:: REQUIRED WORK ::
Write out every entry below exactly as it appears. Pictures do not belong in the copy.

:: PROVIDED ENTRIES ::
┌──

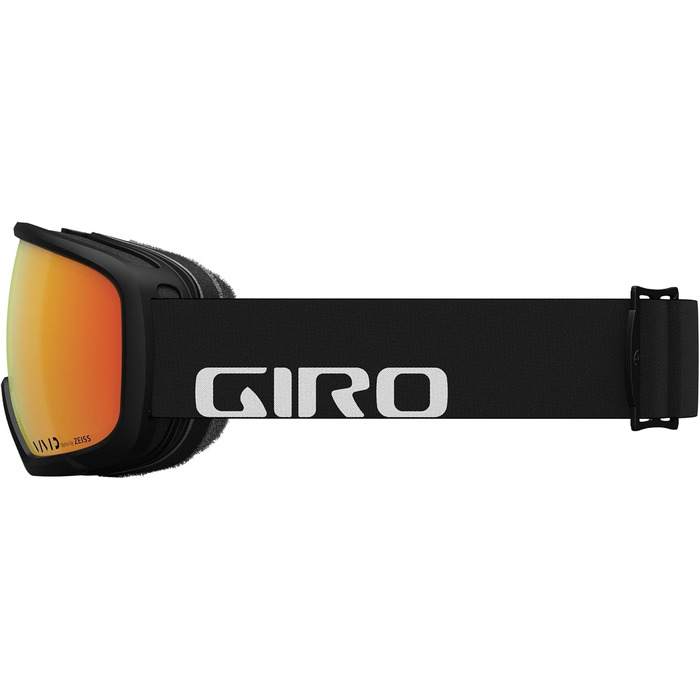 Окуляри Giro Ringo Black 22 One size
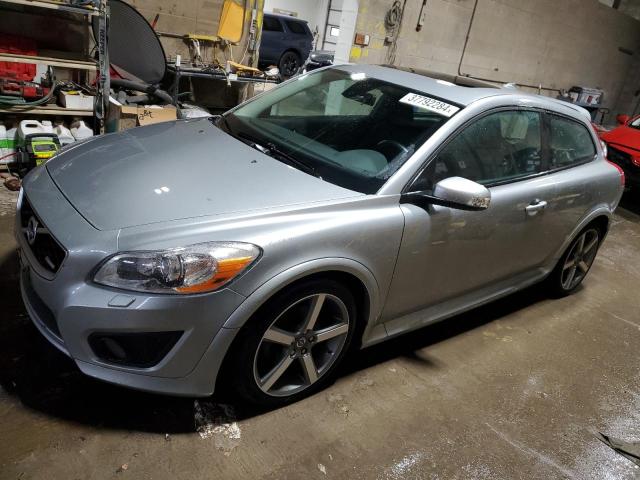 Изображение 1 2011 VOLVO C30 T5 2011 с VIN YV1672MK4B2247648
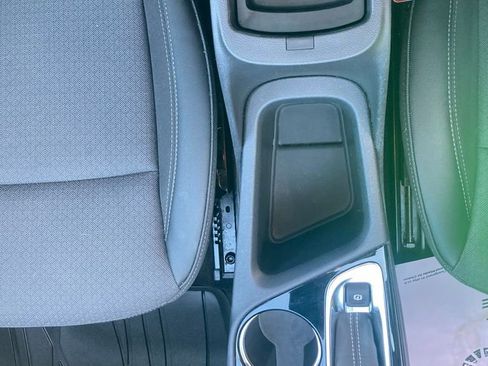 Certified 2023 Buick Encore GX Select w/ Experience Buick Package image 28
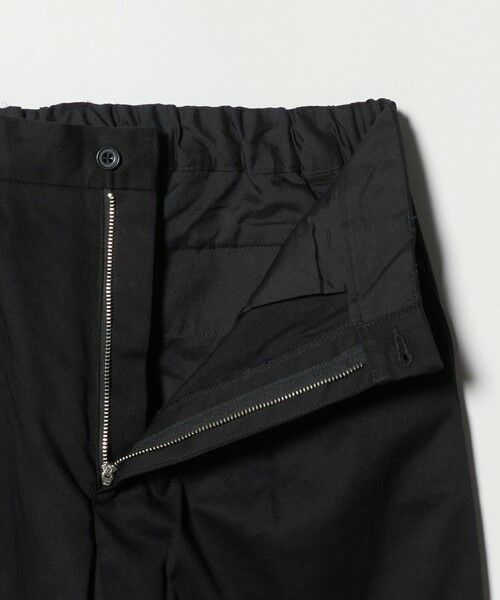 green label relaxing / グリーンレーベル リラクシング チノ・ワークパンツ | 【WEB限定】＜3/2 WORKS＞GLR ワイドチノ チノパンツ | 詳細7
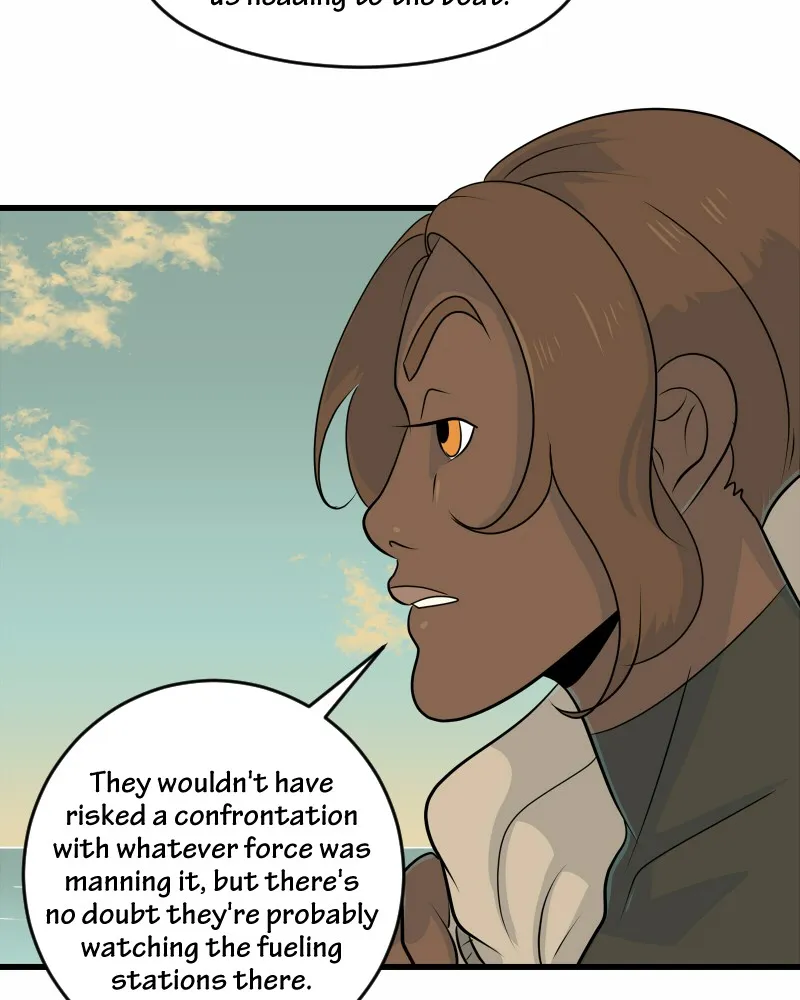 Read The Croaking EN Manga Online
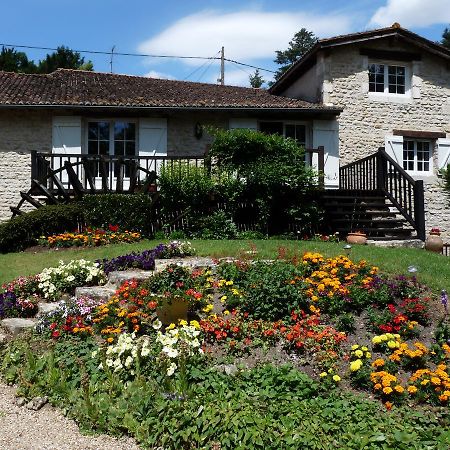 Moulin De Giroir Villa Migné-Auxances Exterior photo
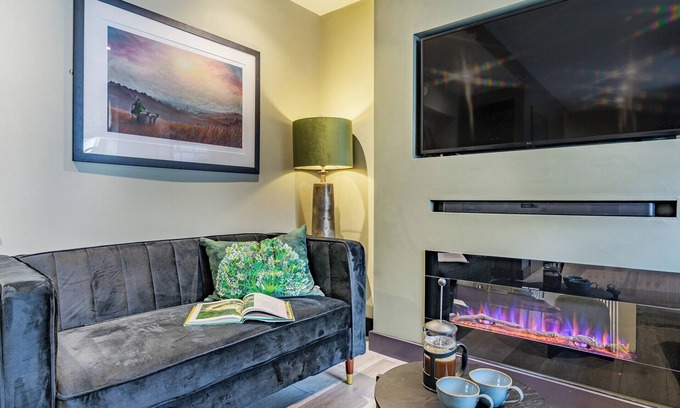 Richmond Cottage | Millgate Fosse Cottage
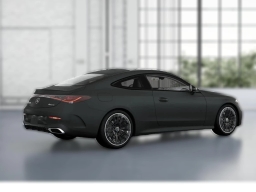 Mercedes-Benz CLE CLE 300 4MATIC Coupe 2027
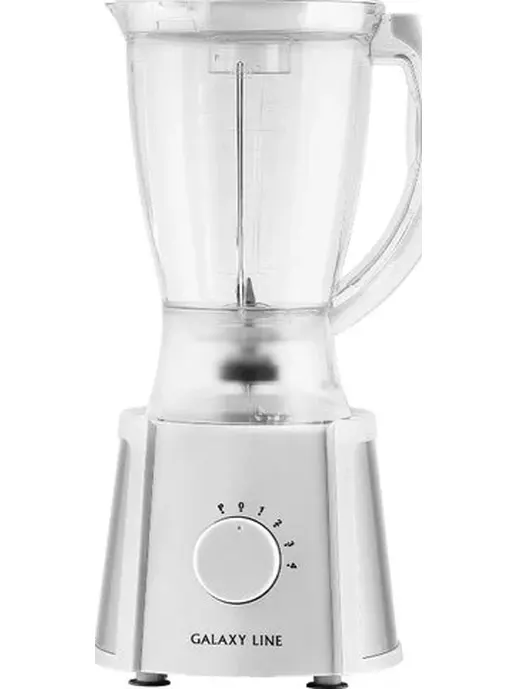 Блендер Galaxy LINE GL 2162 белый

└──

:: RESULT OF THIS EXERCISE ::
 Окуляри Giro Ringo Black 22 One size
 Изображение 1 2011 VOLVO C30 T5 2011 с VIN YV1672MK4B2247648
 Certified 2023 Buick Encore GX Select w/ Experience Buick Package image 28
 green label relaxing / グリーンレーベル リラクシング チノ・ワークパンツ | 【WEB限定】＜3/2 WORKS＞GLR ワイドチノ チノパンツ | 詳細7
 Read The Croaking EN Manga Online
 Moulin De Giroir Villa Migné-Auxances Exterior photo
 Richmond Cottage | Millgate Fosse Cottage
 Mercedes-Benz CLE CLE 300 4MATIC Coupe 2027
 Блендер Galaxy LINE GL 2162 белый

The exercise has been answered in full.